Donde nace el Amazonas
Durante este viaje por el Amazonas y otros ríos infinitos, tuve varias veces la sensación de navegar en un "tiempo fuera del tiempo", por otra dimensión que poco tiene que ver con la época en que vivimos. En el camino descubrí varias cosas: que podría comer pescado cada día, que me vendría bien hacer la ceremonia del Ayahuasca y que seguramente algún día viviré en un ámbito rural. También tomé conciencia de que a la Amazonía hay que protegerla porque su prodigioso ecosistema abriga la mayor biodiversidad del planeta.
La última tarde de viaje, nos llevan hacia la confluencia de los ríos Ucayali y Marañón. Acostumbrado al timing turístico Robinson dispone todo para llegar un santiamén antes del atardecer. La lancha se para y él trepa a la punta: "Aquí estamos, hemos llegado al nacimiento del Amazonas, el río más poderoso del mundo".
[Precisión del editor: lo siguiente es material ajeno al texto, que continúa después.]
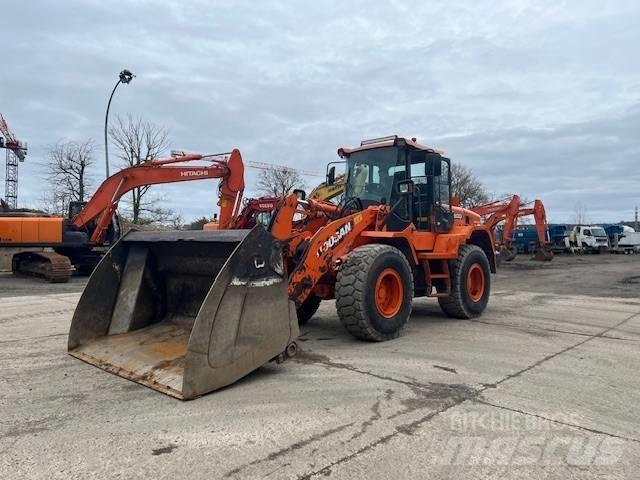 Doosan DL 200 Radlader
Me dan ganas de llorar otra vez y pienso que me gustaría volver acá con mis hijas. En el rato que tenemos para las fotos, me concentro para retener este lugar adentro para siempre y pedir todos los buenos deseos posibles para las nenas, mis otros seres queridos, para mí. Y bueno, ya que estamos... para el mundo entero. Los necesitamos.